Okay, here’s the short version. I recently got a bookshop gift card for my birthday, and used it to order a new book online: The Zoomable Universe by Caleb Scharf and Ron Miller. A day or two later, a package arrived in the mail. It contained the hardcover book I’d ordered and most of the dust jacket. You see, a roughly triangular bit on the back of the jacket had been torn off in the production process, and the damage was clearly visible under the plastic wrap.
The seller expressed their understanding for my disappointment and suggested I return the faulty book and then reorder. So I dutifully re-labeled and sent out the package and went back online to order a new copy. A day or two later, a new cardboard envelope arrived in the mail, and I opened it in eager anticipation. Imagine my surprise when, in that package, I discovered the very same copy of The Zoomable Universe that I’d just returned myself, torn dust jacket and all!
What to do?
Listening to the Cosmos
The first thought that popped into my mind was: apparently the Universe really wants me to have this particular copy of this book. Of course, I can’t seriously believe that the cosmos was “trying to tell me something”—that’s the realm of simple superstition and presumed providence. But I was willing to play with the idea long enough to find a reason that justified the decision I’d almost instinctively already arrived at: I was going to keep this book.

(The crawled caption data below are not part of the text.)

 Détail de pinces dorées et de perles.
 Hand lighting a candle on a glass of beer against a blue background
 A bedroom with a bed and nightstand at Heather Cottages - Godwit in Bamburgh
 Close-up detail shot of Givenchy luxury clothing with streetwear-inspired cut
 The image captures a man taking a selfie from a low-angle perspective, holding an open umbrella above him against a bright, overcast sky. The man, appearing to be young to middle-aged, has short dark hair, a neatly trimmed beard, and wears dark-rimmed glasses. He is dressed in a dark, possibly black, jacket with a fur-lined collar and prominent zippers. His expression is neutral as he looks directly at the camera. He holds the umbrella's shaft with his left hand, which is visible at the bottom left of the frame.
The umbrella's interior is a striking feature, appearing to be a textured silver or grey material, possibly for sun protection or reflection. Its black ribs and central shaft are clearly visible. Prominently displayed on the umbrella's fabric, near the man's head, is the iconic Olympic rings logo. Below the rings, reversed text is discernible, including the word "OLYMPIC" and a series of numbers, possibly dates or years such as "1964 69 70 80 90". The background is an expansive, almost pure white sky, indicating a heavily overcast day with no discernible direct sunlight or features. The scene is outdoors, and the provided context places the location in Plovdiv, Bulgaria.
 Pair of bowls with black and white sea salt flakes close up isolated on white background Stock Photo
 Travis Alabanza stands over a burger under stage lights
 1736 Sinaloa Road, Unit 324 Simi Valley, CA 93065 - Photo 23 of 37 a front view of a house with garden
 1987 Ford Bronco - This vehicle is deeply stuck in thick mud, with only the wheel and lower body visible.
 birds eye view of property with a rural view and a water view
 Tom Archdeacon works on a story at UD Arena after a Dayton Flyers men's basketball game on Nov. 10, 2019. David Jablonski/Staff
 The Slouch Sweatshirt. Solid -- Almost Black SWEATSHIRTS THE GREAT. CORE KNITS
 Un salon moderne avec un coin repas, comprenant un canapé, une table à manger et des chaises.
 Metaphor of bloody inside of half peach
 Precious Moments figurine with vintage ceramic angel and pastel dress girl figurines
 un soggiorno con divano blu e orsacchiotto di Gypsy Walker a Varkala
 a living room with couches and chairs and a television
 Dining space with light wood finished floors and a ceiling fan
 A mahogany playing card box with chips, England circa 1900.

The thing is, I love books. And I already own a lot of books that have been badly mangled and abused (mostly by me as a youngster), so why would this new addition be any different? Could I learn to love a book that was flawed from the get-go?
What Is a Book?
Books are funny things: inanimate objects that we can cherish as if they were a dear friend. And significantly, books are many things at once. Let’s have a closer look.
For starters, a book is a product. (Not all books are products, of course, but the one I ordered was.) In other words, my birthday book had come into my possession in an exchange of value: money for paper. Any production flaw will decrease a product’s value, so that begs the question: is the trade still equitable? Had a bought a TV with a cracked screen or a car with a missing rear-view mirror, I would surely have returned them and not reconsidered the decision. But the tear in my book’s dust jacket was not a flaw on the level of, say, missing pages or a misaligned print. So even if this copy was a less-than-perfect product, it was still a book in every other way.
Books are also objects. Don’t get me wrong, I’m all for the convenience and portability of e‑books—but there’s nothing like holding a book in your hands. That new-book smell, the pages flicking past your fingertips, the weight of it in the palm of your hand… It’s delicious, it’s comforting, it’s timeless. Even with its torn dust jacket, my new “defective” book was still an object worth enjoying.
Perhaps most essentially, in addition to being a product and an object, a book is a story. Even an non-fiction title like my own The Zoomable Universe tells its own story of ideas. Books are treasure troves of humanity; they bear witness to our history, our hopes and fears, our quest for knowledge and understanding—the Great March of our big-brained species.
A Little Compassion, Please
Carl Sagan famously said that if you wish to make an apple pie from scratch, you must first invent the universe. That universe had dropped the same imperfect book into my lap twice, so I figured that if I wished to make lemonade from scratch… I might as well use that lemon.
That took care of the product side of things: my book had become an ingredient of something new, aiming to redirect disappointment into satisfaction.
My next step was to fix the torn dust jacket. I went to my kids’ old crafts box, which had been sitting neglected on a shelf even since the boys became teenagers. In it, I found some thick black paper, which I cut to a size slightly larger than the triangle missing from the jacket. I glued the paper to the back of the torn section of the jacket (which was also black), filling up the missing space.
That took care of the object part of the equation: the wound had been healed, the book was whole again.
All of which left me free to turn to the most valuable part of my new book: its contents. This is not a book review—but if you’re even vaguely interested in science, you’ll appreciate The Zoomable Universe as a whirlwind tour of everything that exists, from the very largest to the very smallest. I’m a few chapters in now, and I’m enjoying it a lot.
Here I am then, enjoying the story of a book that I initially rejected, but whose own story is now creatively linked to mine. There is a certain artisanal satisfaction in claiming “ownership” of something that you’ve fixed yourself. But for something to be fixed, it must first be broken.
It’s a good thing the universe isn’t perfect.